Motivation
Service locator is a common mode during system development. The pattern can be found in the inversion of control containers and the dependency injection pattern written by Martin Fowler. Service locator defines the responsibility of generating, storing, and obtaining objects in the BLL layer, so that the system does not need to know how to generate and store objects when obtaining objects, effectively reduces system coupling.
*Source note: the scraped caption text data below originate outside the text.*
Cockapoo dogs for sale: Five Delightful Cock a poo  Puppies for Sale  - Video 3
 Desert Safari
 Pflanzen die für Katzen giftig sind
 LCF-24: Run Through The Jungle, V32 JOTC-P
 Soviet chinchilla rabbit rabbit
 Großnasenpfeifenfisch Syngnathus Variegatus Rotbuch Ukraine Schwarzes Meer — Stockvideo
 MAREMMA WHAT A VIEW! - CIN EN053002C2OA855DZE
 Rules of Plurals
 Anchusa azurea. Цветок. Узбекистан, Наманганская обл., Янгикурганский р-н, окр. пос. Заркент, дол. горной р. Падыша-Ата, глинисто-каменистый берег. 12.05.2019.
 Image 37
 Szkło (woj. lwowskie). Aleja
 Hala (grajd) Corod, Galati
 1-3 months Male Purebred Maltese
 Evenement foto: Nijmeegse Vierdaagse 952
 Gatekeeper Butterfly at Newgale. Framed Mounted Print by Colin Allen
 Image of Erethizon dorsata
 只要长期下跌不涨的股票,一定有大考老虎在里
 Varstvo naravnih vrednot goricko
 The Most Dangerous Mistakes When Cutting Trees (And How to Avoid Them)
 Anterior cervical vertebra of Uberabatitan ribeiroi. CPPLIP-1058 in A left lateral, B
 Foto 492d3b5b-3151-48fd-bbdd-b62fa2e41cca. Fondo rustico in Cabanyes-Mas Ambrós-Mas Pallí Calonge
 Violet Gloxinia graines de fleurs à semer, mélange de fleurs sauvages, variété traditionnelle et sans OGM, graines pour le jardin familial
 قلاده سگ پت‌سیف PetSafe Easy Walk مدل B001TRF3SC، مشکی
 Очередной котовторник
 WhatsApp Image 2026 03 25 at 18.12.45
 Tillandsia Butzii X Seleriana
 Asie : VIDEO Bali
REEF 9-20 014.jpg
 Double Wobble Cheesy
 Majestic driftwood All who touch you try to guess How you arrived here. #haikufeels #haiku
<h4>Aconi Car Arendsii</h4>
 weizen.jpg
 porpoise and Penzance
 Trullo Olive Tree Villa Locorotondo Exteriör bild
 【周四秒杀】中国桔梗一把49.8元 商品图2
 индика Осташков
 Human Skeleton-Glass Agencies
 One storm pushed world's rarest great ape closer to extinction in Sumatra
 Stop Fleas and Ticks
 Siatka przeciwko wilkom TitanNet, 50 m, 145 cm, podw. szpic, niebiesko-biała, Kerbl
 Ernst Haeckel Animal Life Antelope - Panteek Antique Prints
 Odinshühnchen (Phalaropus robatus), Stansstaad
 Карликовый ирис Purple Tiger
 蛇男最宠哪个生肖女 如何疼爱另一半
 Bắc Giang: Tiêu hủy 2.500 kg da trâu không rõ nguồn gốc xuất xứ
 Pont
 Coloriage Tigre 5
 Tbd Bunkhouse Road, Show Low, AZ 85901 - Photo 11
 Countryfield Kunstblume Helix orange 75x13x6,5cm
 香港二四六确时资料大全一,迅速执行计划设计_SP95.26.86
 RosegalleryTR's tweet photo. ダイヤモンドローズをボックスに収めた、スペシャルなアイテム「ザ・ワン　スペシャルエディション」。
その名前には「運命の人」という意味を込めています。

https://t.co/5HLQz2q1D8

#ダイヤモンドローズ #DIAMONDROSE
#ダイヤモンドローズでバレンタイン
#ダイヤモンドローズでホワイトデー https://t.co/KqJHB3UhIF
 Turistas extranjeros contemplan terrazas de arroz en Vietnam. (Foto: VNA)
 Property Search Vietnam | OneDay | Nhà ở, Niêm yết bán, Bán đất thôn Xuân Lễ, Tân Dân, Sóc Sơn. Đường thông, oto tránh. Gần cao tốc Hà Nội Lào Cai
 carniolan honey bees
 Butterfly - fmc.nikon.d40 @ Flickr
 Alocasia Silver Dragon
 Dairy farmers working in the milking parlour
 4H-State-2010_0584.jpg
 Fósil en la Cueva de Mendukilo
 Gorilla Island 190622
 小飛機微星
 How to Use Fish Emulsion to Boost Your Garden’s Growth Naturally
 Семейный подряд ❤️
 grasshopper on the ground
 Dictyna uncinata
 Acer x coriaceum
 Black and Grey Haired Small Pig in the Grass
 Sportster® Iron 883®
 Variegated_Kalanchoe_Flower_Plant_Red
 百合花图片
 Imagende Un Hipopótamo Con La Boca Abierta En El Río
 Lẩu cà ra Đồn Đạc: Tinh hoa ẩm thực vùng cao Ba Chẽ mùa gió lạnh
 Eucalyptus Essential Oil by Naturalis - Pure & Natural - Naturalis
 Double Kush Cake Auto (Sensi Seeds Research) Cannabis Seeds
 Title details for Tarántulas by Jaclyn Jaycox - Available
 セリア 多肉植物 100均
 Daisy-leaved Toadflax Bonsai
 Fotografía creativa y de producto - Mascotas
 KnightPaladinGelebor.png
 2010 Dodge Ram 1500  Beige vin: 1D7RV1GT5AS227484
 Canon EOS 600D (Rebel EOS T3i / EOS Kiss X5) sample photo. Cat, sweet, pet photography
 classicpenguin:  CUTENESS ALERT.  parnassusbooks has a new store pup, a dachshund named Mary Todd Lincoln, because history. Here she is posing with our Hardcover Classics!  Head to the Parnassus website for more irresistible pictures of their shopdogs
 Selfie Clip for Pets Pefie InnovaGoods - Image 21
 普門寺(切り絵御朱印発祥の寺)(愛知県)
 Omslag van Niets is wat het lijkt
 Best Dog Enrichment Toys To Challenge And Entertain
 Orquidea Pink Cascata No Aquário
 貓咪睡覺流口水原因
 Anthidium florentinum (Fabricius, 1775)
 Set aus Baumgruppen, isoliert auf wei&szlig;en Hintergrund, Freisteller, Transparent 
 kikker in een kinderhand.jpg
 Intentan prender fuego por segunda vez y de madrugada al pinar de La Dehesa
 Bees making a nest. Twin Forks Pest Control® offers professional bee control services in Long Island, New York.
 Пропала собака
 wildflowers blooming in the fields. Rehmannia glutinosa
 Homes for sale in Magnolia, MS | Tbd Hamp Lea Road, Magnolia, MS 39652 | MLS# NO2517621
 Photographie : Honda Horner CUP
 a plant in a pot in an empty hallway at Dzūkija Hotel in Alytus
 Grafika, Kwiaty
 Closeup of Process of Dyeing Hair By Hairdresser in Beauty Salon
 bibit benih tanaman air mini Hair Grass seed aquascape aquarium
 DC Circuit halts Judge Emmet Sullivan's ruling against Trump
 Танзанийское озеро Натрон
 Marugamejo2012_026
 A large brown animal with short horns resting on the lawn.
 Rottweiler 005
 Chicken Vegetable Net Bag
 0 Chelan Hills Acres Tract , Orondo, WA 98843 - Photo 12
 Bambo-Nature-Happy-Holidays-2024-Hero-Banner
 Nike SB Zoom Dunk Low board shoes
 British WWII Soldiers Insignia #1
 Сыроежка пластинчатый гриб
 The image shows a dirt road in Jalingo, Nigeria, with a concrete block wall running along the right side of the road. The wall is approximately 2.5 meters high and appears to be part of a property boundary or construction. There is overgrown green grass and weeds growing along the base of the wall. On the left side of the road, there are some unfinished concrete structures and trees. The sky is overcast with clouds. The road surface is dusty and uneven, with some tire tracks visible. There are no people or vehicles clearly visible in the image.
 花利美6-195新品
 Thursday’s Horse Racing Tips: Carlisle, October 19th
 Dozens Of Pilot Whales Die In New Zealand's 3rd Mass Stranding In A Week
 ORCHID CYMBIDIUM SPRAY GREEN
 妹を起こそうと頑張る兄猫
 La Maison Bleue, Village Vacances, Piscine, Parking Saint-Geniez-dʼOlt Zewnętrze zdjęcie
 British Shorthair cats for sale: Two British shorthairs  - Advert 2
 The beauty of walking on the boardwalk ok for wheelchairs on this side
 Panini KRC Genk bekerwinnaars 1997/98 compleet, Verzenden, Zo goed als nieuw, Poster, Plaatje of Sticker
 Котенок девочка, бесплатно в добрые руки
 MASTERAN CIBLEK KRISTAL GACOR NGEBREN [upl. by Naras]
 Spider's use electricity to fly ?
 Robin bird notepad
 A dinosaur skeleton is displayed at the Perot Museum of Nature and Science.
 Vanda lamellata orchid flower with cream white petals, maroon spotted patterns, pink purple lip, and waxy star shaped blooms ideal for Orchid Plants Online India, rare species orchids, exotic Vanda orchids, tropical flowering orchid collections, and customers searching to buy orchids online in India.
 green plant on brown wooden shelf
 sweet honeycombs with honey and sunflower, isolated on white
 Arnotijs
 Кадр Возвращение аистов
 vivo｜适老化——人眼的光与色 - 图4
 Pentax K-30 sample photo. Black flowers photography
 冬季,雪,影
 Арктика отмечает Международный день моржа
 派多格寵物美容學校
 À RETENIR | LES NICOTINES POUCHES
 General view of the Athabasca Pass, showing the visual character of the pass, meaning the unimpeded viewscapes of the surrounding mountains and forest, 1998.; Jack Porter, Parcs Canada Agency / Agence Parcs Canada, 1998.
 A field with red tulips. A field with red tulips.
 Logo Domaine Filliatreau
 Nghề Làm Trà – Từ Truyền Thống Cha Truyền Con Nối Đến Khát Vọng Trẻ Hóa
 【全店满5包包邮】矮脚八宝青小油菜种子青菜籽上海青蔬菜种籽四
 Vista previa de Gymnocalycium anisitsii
At the same time, learning service locator brings the concept of space into the architecture design. When designing the architecture, you can use service locator as the encapsulation of the architecture space. Create an object generated by the object and store it in the service locator so that the target architecture "exists" and a group of objects can be used.
This article introduces the implementation of a service locator, which defines the responsibilities and interactions between objects to complete the functions and responsibilities that the service locator should provide. Make a record for yourself and hope to help developers who need it.
Structure
The usercountservice created by [Architecture Pattern] repository is used as an example. In addition, The bll layer uses service locator to encapsulate the generation, storage, and retrieval of usercountservice objects. The sample structure is as follows:
Major participants include:
Servicelocator
-Provides the object storage function for the system.
-Provides storage objects for the system.
Client
-Use the usercountservice in servicelocator memory.
Usercountservice
-Use user data in the system to calculate various counts.
-Generated by the client or servicelocator.
The following figure shows the interaction process between objects.
Practice
Service locator is composed of two types of operation logic: positioning logic and generation logic. The positioning logic is the core of the entire service locator. It defines the responsibilities of Object Storage and object acquisition. Objects must be generated before they can be used. The generation logic defines the responsibility of object generation. Then, a set of service locator is implemented to parse the operation logic in the service locator and help developers understand the service locator mode.
Model column download
For more information, see servicelocatorsample.
Positioning Logic
First, create the servicelocatorsample. BLL project, and create a servicelocator object to encapsulate the positioning logic of service locator: servicelocator provides the setinstance method, allowing the system to store various types of objects. In addition, servicelocator provides the getinstance method, allowing the system to retrieve previously stored objects.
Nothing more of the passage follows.